Martedi, 29/12/2015 - Lo spazio di pochi chilometri fra Bologna e Ferrara diventa un abisso di memorie.
C’è una madre che ripercorre i vicoli della sua adolescenza, stradine senza porte e finestre, gravide di segreti.
C’è un padre che cita l’Eneide perché si sente più sicuro all’ombra delle somme parole degli antichi.
C’è un marito che fa la spola fra città vicine e generazioni lontane.
C’è un’anziana che riannoda il filo dei ricordi, intrecciandolo con le pagine di una Storia da non dimenticare.
C’è un ragazzo scomparso nel nulla, che ha inghiottito, nel buio della sua assenza, brandelli di altrui vite.
C’è una figlia che cerca uno zio e, nel graffiare sui marmi dei suoi morti, trova le sue origini.
C’è un feto, dal nome provvisorio, che presto cambierà i ruoli: la madre sarà nonna e la figlia sarà madre.
“La misera Giuturna si strappa i capelli sciolti
con le unghie, da sorella, rovinando il volto ed il petto con pugni:
” In cosa adesso, Turno, tua sorella ti può aiutare?
O cosa ormai resta a me (pur) tenace?”
Virgilio, Eneide
Sullo sfondo di un thriller esistenziale, definizione che piace all’autrice, Daria Bignardi costruisce una storia di famiglia estremamente avvincente.
Grazie all’alternanza di voci fra Alma, la madre, e Antonia, la figlia, il lettore è condotto sapientemente in due dimensioni temporali parallele, destinate ad incontrarsi, per sciogliere l’enigma che lega ogni esistenza ad un reticolo di strade, da percorrere in bicicletta, con il bocca il sapore di maccheroni dolci.
L’amore che ti meriti qual è?

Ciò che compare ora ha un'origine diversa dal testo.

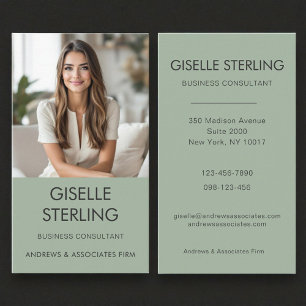 Professionell för Business Consultant Sage Grönt Visitkort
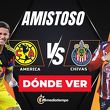 Consulta la previa de América vs. Chivas para ver EN VIVO partido amistoso HOY. Diseño: Abigail Sequera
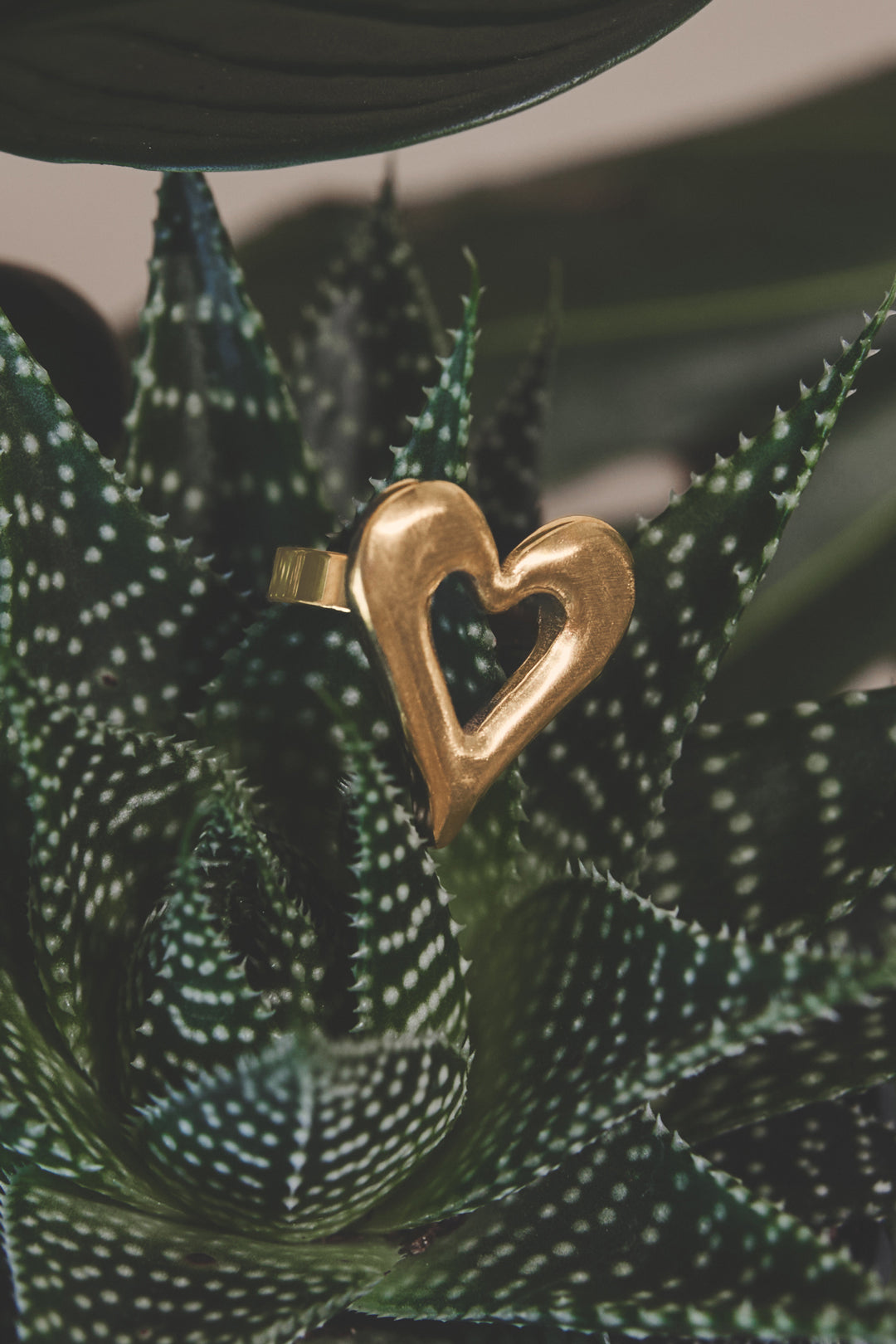 Anelli Statement a forma di cuore, casual, quotidiani, semplici, della serie Gioielli da donna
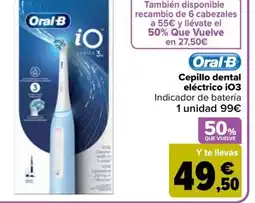 Carrefour ORAL-B Cepillo dental eléctrico iO3 oferta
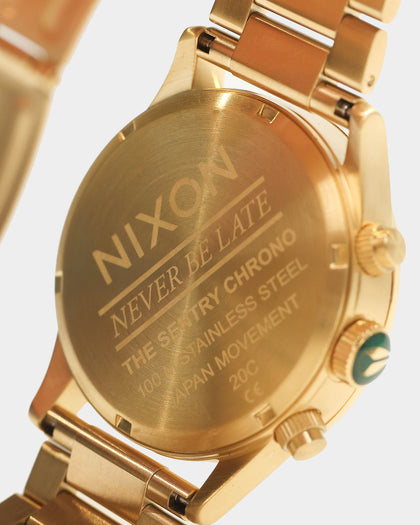 Nixon Men's Sentry Chrono Gold/Green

Quello che è il risultante delle tue azioni? Quello che ti sei guadagnato? O semplicemente quello che hai ricevuto, senza pesi e stadere, fin dal tuo primo vagito, inconsapevomente?
A voi la risposta.
“In piazza, davanti al grifone di marmo, il nostro punto di ritrovo, c’era solo Benedetti. Era domenica, qualcuno era andato al mare e non era ancora tornato. […] Quella sera il tramonto non finiva mai.
Avevo diciassette anni, non lo sapevo che eravamo felici”.